Su seviyesinin daha düşük ve karaların daha büyük yüz ölçümlere sahip olduğu dönemlerde yaşayan ve sürekli hareket halinde olan toplulukları düşünürsek, bu tespiti pek de garipsemeyiz değil mi?

Göbeklitepe’nin gerçek adı ne?
Göbeklitepe keşfedilmeyi bekleyen sırlarıyla uzun yıllara yayılacak bir yolculuğun kapısını araladı insanlığa.
Buralar bin yıllık bir kullanımın sonunda neden gömülerek terk edilmişti mesela?
Taşlar neden T şeklindeydi, çemberin ortasındaki iki taş neden daha büyüktü, taşların üzerindeki kabartmalar (tilki, yaban domuzu, turna, akrep, örümcek, akbaba, eşek, leopar, sığır, ceylan) neleri temsil ediyordu, çember şeklindeki yapıda niçin çepeçevre seki vardı, ibadet edenler nerelerden geliyorlardı ya da burada nerede kalıyorlardı, henüz bulunan bir mezarlıkları yoktu, peki ya ölülerini ne yapıyorlardı? 
Biz buraya Göbeklitepe dedik de, onlar ne diyordu?
Buraların gerçek adı neydi?
O insanlar artık buralarda yaşamaktan neden vazgeçmişlerdi?
Giderlerken onlar için kutsal olan bu alanlar bulunmasın ve zarar görmesin diye mi gömmüşlerdi?
Açıkta olursa bir saldırı olmasa dahi doğal şartlar sebebiyle bozulmaya uğrar diye mi düşünmüşlerdi?
Her biri tonlarca ağırlıktaki taşların taşınması ve toprağa çakılır gibi dikilmesi bugünün şartlarıyla bile olacak iş değilken, (ki Göbeklitepe’deki dev kaya-heykelleri inceleyen National Geographic araştırmacısı, konuyla ilgili belgeselde meseleyi özetleyen şu cümleyi kurmuş: “Bu dönemde yaşayan insanların bu tapınakları yapabilmesi, üç yaşında bir çocuğun elindeki oyuncak tuğlalarla Empire States’i inşa etmesine benziyor!”) bir de bu devasa alanı tonlarca toprak ile örtmek, bir bakıma toprağa gömmek insanın aklının sınırlarını zorluyordu.
Hem de öyle bir gömmek ki, 11-12 bin yıldır kimse bulamamacasına gömmek. 
Sizin de aklınızdan aynı soru geçti değil mi:
“Acaba daha kaç medeniyet var böyle gömülerek gizlenen ya da kendiliğinden toprak altına gömülen?”
Sorunun cevabını yine ben vereyim:
Harran Ovası’nı çevreleyen Tek Tek Dağları üzerinde Göbeklitepe ile çağdaş 12 yerleşim yeri daha olduğu biliniyor.

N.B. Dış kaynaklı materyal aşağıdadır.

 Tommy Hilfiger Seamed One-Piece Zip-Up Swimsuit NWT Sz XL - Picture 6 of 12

Anadolu’da Yerleşik Yaşamın Kökeni, Son Avcılar ve Göbeklitepe 
Bursa Unesco Derneği’nin 2019 Göbekli Tepe Yılı Etkinlikleri kapsamında düzenlediği etkinliklerin 4.’sünde, İstanbul Üniversitesi’nden (İstanbul Üniversitesi, Tarihöncesi Arkeolojisi) Prof. Dr. Necmi Karul, “Doğudan Batıya, 11 bin yıl öncesi Güneydoğu Anadolu’dan 3 bin yıl sonra Bursa Aktopraklık Höyük’e” konulu bir konferans verdi. (Tarih içinde bin yılları ifade etmek ne kadar da kolay.)

Konferans öncesi Bursa Etnomüzikoloji Derneği Başkanı olan Uludağ Üniversitesi’nden Doç. Dr. Özlem Doğuş Varlı’nın Üçleme Topluluğu ile sundukları yöresel müzik dinletisini dinledim.

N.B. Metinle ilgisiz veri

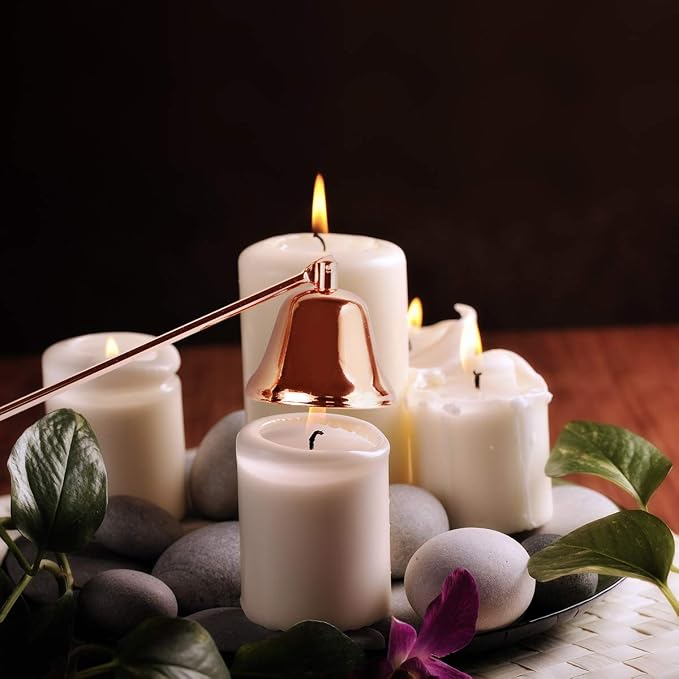 Candle Snuffer, Candlesnuffers Wick Snuffer Candle Accessory with Long Handle for Putting Out Extinguish Candle Wicks Flame Safely (Rose Gold)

Bursa Etnomüzikoloji Derneği Üçleme Topluluğu

Daha sonra da Prof.Dr. Necmi Karul’un Göbeklitepe ve ardından Aktopraklık Höyüğü üzerine verdiği konferansı izledim. Bursa Ticaret ve Sanayi Odası’nda düzenlenen etkinliğe katılım hiç de fena değildi. 
Binlerce yıl yaşındaki Göbeklitepe tüm gizemiyle hepimizin ilgisini çekiyordu.

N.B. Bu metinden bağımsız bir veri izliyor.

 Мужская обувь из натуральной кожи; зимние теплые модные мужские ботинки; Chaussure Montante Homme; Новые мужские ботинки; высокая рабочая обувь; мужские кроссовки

İyi ki National Geographic İşaret Etti
Prof.Dr. Necmi Karul Göbeklitepe’nin ancak National Geographic işaret ettikten sonra görünürlük kazanıp merak edilmeye başlandığını söyleyerek başladı konuşmasına. “Bu akşam akademisyen olarak konunun popüler olmayan kısmına bakacağız.” diyerek devam etti.
12 bin yıl önce dünyanın bir yol ayrımına girdiğini, havaların ısınmaya başlayarak buzulları erittiğini, yavaş yavaş bugünkü koşulların oluşmaya başladığını, bitki türlerinin farklı yörelere yayıldığını, hayvan sayısının arttığını, gezgin (göçebe) yaşama biçiminin yerini yerleşik (üretici) yaşama biçiminin aldığını, topluluğa dayalı davranış biçiminin yerine bireysel yaşama biçiminin geldiğini, kısacası çevreyle birlikte insanın da değiştiğini söyledi.
Neolitik dönemde yağışların artması ile birlikte yabani tahıllar çoğaldı ve epey uzun bir zaman süren değişimde üretilebilir ve işlenebilir hale geldi, hayvanlar evcilleştirildi, yeni aletler ve aletleri üretecek teknoloji ortaya çıktı, mega köyler oluştu. 
İnanç sistemlerinde gezginci toplumlarda görülmeyen “anıtsallık” görülmeye başladı.

Neolitik-Kent Devrimi-Endüstri Devrimi
Neolitik kavram evrildi. Üretim biçimleri değiştikçe sosyal düzenin buna uyumunu sağlayan bir devrim gerçekleşti.

Besin krizi yaşandı, semboller değişti, tarıma geçiş tek bir merkezde değil, birçok yerde birden başladı. Besin Üretimi; yerleşik yaşam ve bunun getirdiği sosyal dönüşümün nedeni değil, sonucu oldu.

Göbeklitepe’yi Gördüm
Necmi Karul bunları anlatırken ben geçen yıl gidip gördüğüm, üzerine pek çok konferans dinlediğim Göbeklitepe’yi yeniden yaşadım. (Gezinin fotoğraf albümüneburadan ulaşabilirsiniz.)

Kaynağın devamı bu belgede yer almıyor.